Homeless families in The City are now taking to an online Housing Search Community website created by the Hamilton Family Center, San Francisco’s largest provider of shelter and support services for homeless or recently housed families, that is part of the center’s rapid rehousing and eviction prevention efforts.
The cloud-based website launched in May and has already proven to serve as a much faster and simpler process than the previous spreadsheet-based system, said Elizabeth Hewson, director of strategic initiatives for the Hamilton Family Center.
In fact, 85 percent of families who use the new real-time housing search platform find a home within 30 days, Hewson noted.
The website requires log-in information that’s distributed by the Hamilton Family Center when families enroll in First Avenues, the center’s rehousing program. Families provide their reason for moving and any barriers, like prior eviction history or debt. From there, families can browse the website that offers active listings — typically up to 50 homes a day.
“It’s a struggle [to find housing],” said Jeff Kositsky, executive director of the Hamilton Family Center. “The real-estate market here is so difficult.”
Marcelina Maldonado, 28, knows firsthand how challenging it is to find a home in San Francisco. After she and her family lost their home of eight years, the Hamilton Family Center helped Maldonado manage her budget, look at prospective homes and fill out rental applications. Ultimately, she was able to stay in The City.
“The rent is ridiculous for such a small room, but we had to stay because the services offered in San Francisco aren’t offered in other parts of the Bay Area that are more affordable,” Maldonado said in Spanish.

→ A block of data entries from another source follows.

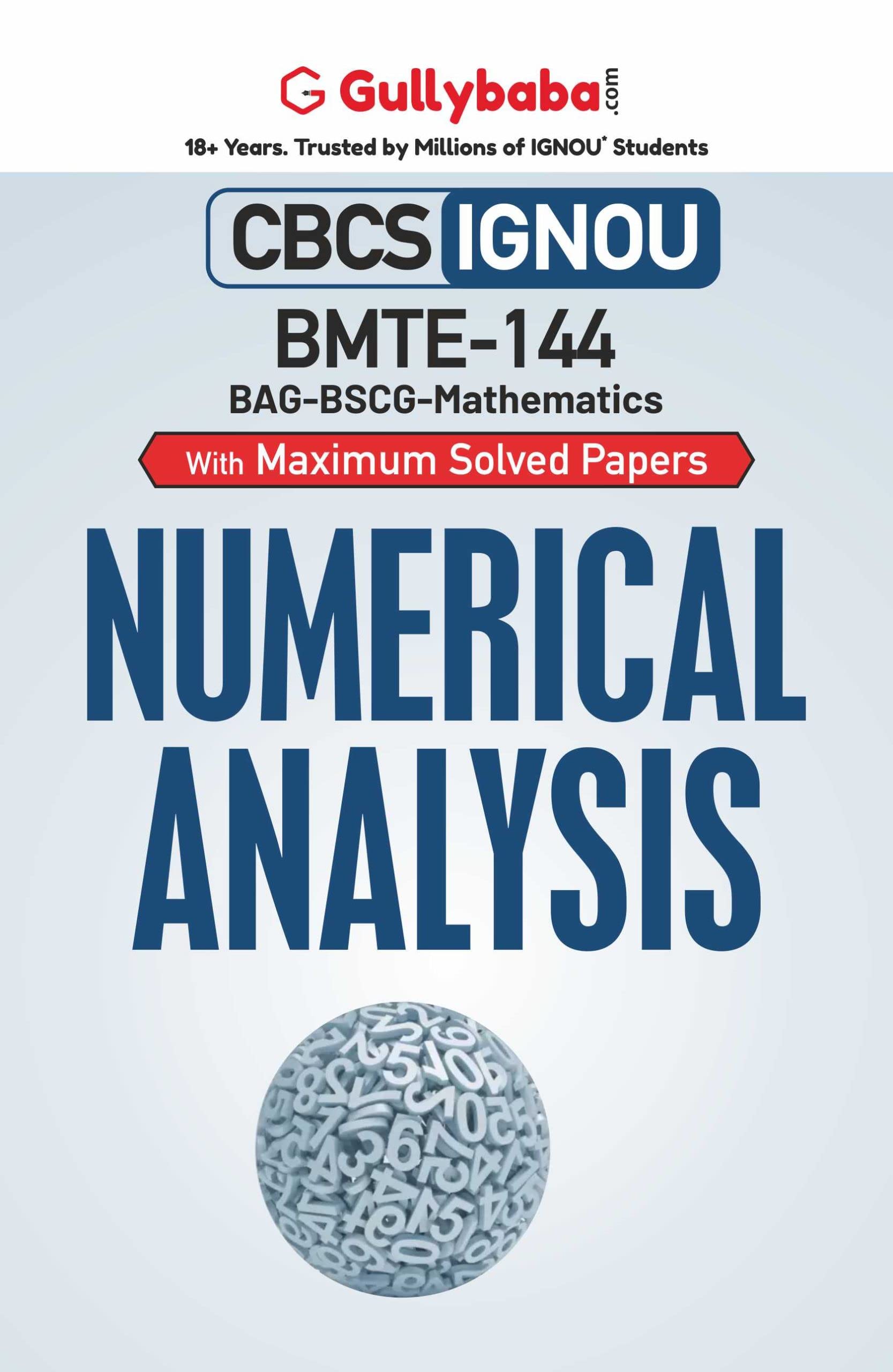 Gullybaba IGNOU CBCS BSCG 6th Sem BMTE144 Numerical Analysis in English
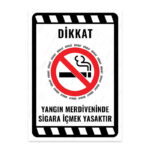 UL1997 - Yangın Merdiveninde Sigara İçmek Yasaktır İkaz ve Uyarı Levhası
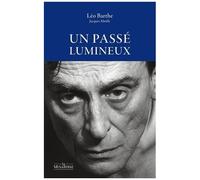 Un Passé Lumineux - Suivi De Pour Une Lecture Amoureuse
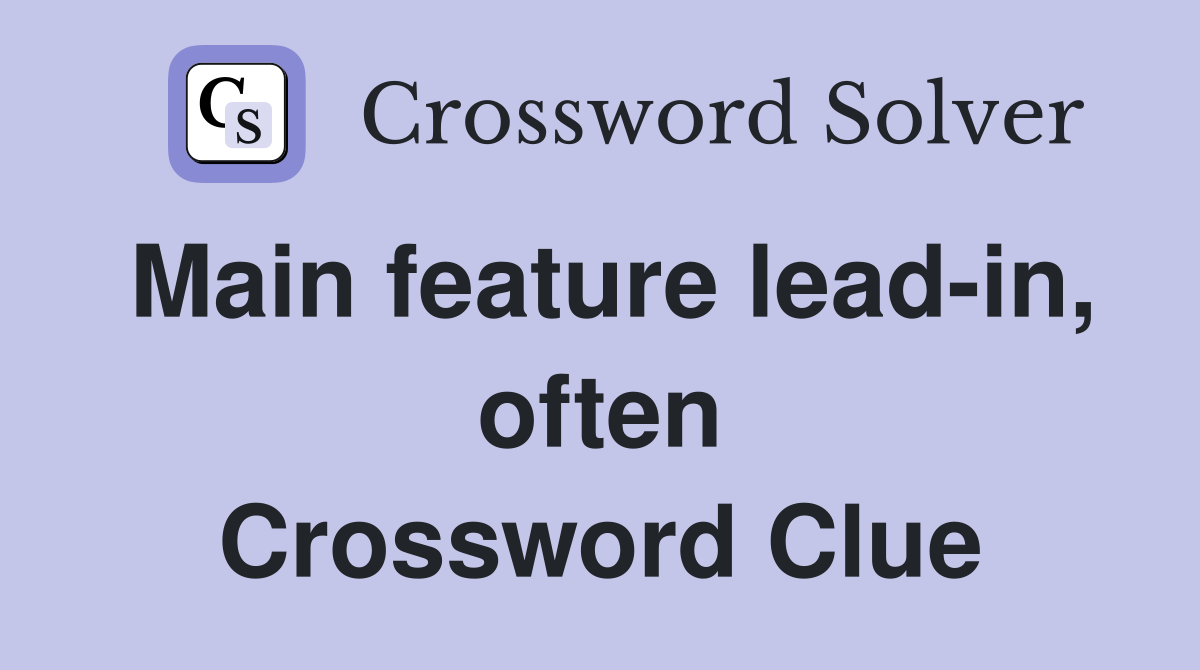 Main feature lead-in, often Crossword Clue
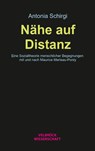 Nähe auf Distanz - Antonia Schirgi - 9783958323759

The center also communicates with landlords to alleviate any concerns about prospective tenants and helps families with a security deposit and other move-in expenses. Staff with the center pull listings for the database from real estate and classified websites like Craigslist, Zillow and Trulia, as well as network with realtors to learn of available below-market-rate units in the Bay Area.
“There’s a lot more housing out there available for families than you would think,” Kositsky noted.
Such efforts have helped reduce the number of homeless families citywide by 11 percent in the past year, from 1,461 in 2014 to 1,298 as of June, according to data compiled by the Hamilton Family Center, though Kositsky emphasized that count is fluid.
While that number is still higher than the 697 homeless families recorded in 2007 — the first year the data is available — Kositsky said a surge in rapid rehousing and eviction prevention programs citywide has led to the greatest drop in homeless families in that time. In The City’s 2015-16 budget, more than $30 million has been allocated specifically to help homeless families.
Perhaps most significantly, the number of families on a waitlist for shelter has also seen its biggest decrease in the past year since 2007, from 200 in 2014 to 130 this year — a 35 percent drop.
The center has also deemed successful a pilot program it launched in January with $1 million from Google in which the center teamed up with the San Francisco Unified School District to create a hotline for district staff to report students without a home or who seem to be at risk for becoming homeless.
School officials call the center’s hotline, and within three business days, a center staff member comes to the school to speak with the family.
Since the launch in January, 31 schools have called the hotline a total of 108 times. For about half those cases, the Hamilton Family Center provided a consultation to the school, and 48 families received direct assistance, including 12 whose evictions were prevented and 36 who were placed into permanent housing.
“It has been revolutionary in terms of how quickly we’re able to help families,” Kositsky said.